▽

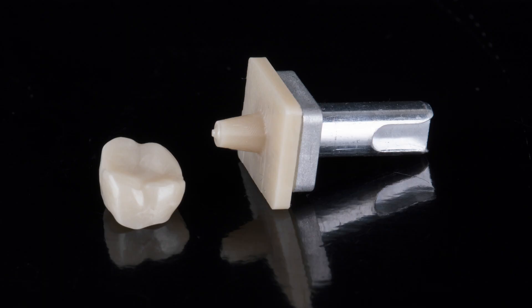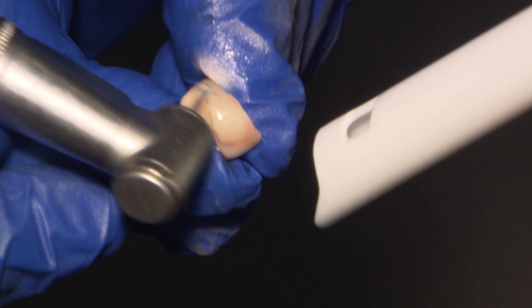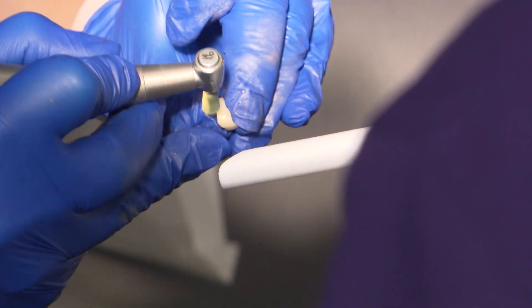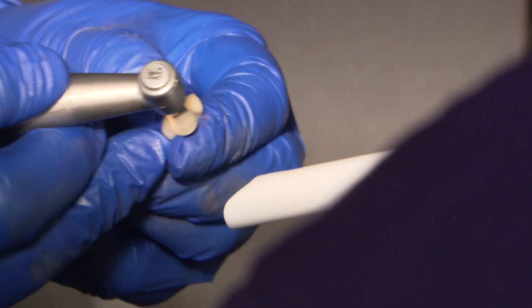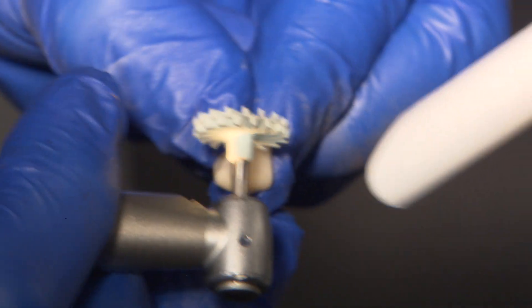"Now" is short for "no oven wait" because the BruxerNow zirconia crown is fully sintered and can go straight to patient delivery. Due to the design, minimal adjustments are needed. A smooth crown surface is important so that it will be less abrasive to the opposing dentition, so any adjustments are done with fine grit diamond burrs and polishing cups and wheels.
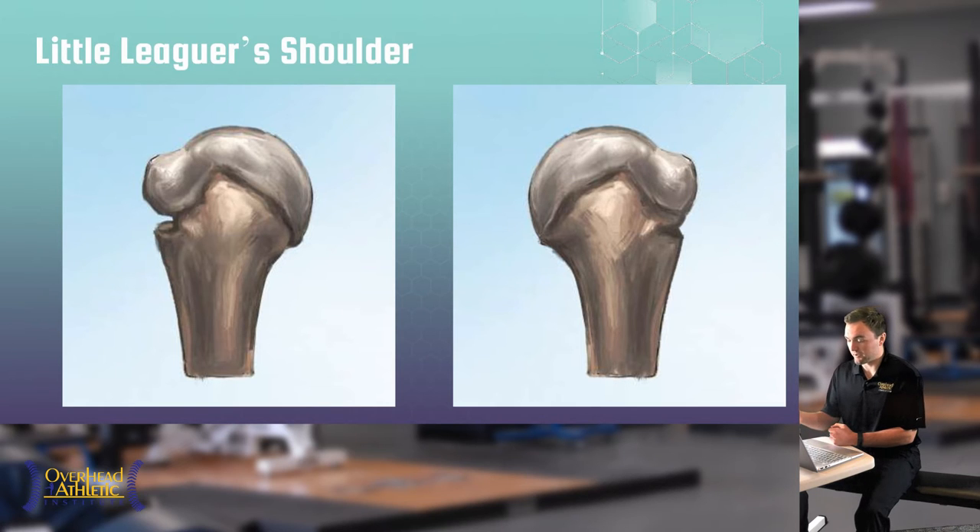The large bony prominence above is the tuberosity or tubercle where the rotator cuff attaches. When the athlete moves the shoulder, the rotator cuff has a hard time stabilizing it and it's painful because there's pulling right next to the separated growth plate. Treat a growth plate injury like a fracture — because it is one. Excessive throwing when there's already an injury is not good.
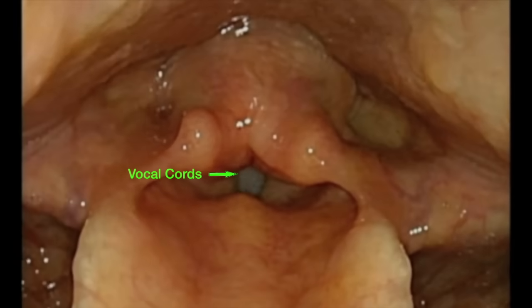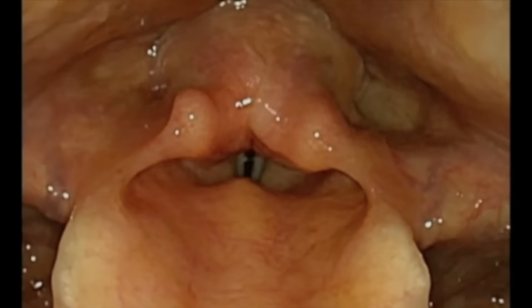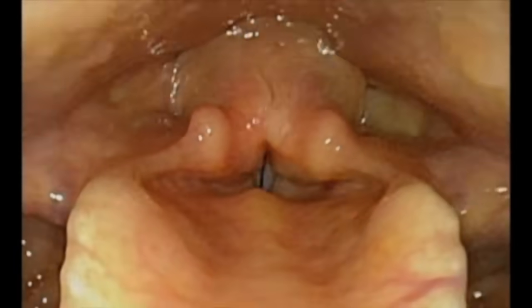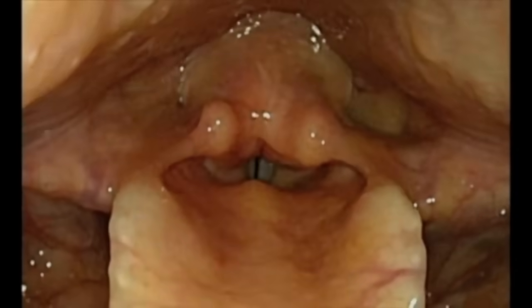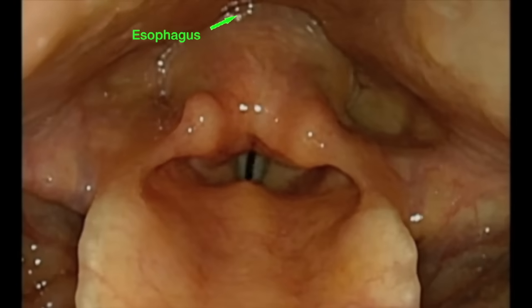In this position, the vocal cords can be seen coming together to create sound. When breathing, the vocal cords move apart in the shape of a V, allowing air to pass between the vocal cords into the windpipe and down into the lungs.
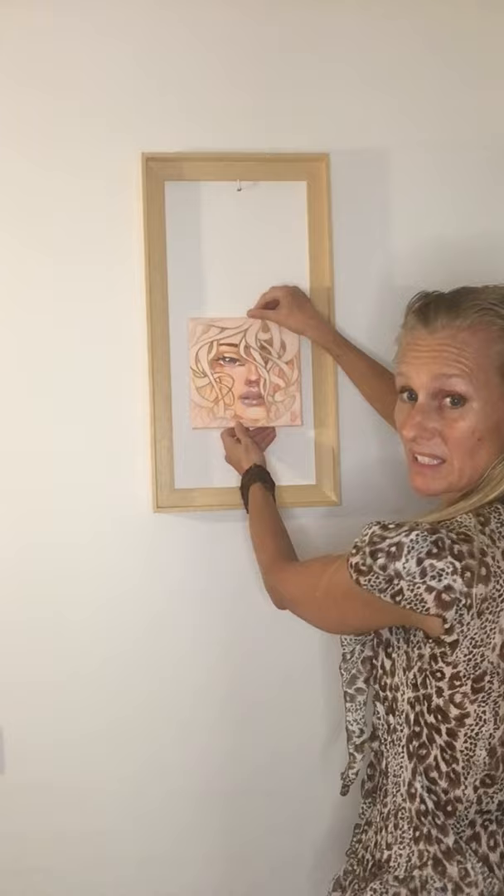Let's talk about frames today. This last year I started to paint smaller paintings — just this cute little one. And indeed they're very cute but very small. And if you would hang them on a wall without a frame, they would look a bit lost. Like this. You know, it doesn't really do it.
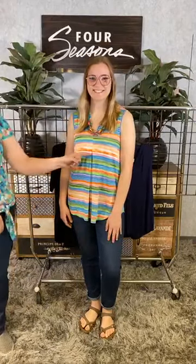So easy to wear, so fun. I also love all the different colors — look how very pretty that is. And it has this really unique style with a little bit of a split here.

△

**Required work:** The lines wanted run from the first one in the material above through the line containing "Let's talk about"; give them again exactly, leaving out the pictures.

**Completed exercise:**
"Now" is short for "no oven wait" because the BruxerNow zirconia crown is fully sintered and can go straight to patient delivery. Due to the design, minimal adjustments are needed. A smooth crown surface is important so that it will be less abrasive to the opposing dentition, so any adjustments are done with fine grit diamond burrs and polishing cups and wheels.
The large bony prominence above is the tuberosity or tubercle where the rotator cuff attaches. When the athlete moves the shoulder, the rotator cuff has a hard time stabilizing it and it's painful because there's pulling right next to the separated growth plate. Treat a growth plate injury like a fracture — because it is one. Excessive throwing when there's already an injury is not good.
In this position, the vocal cords can be seen coming together to create sound. When breathing, the vocal cords move apart in the shape of a V, allowing air to pass between the vocal cords into the windpipe and down into the lungs.
Let's talk about frames today. This last year I started to paint smaller paintings — just this cute little one. And indeed they're very cute but very small. And if you would hang them on a wall without a frame, they would look a bit lost. Like this. You know, it doesn't really do it.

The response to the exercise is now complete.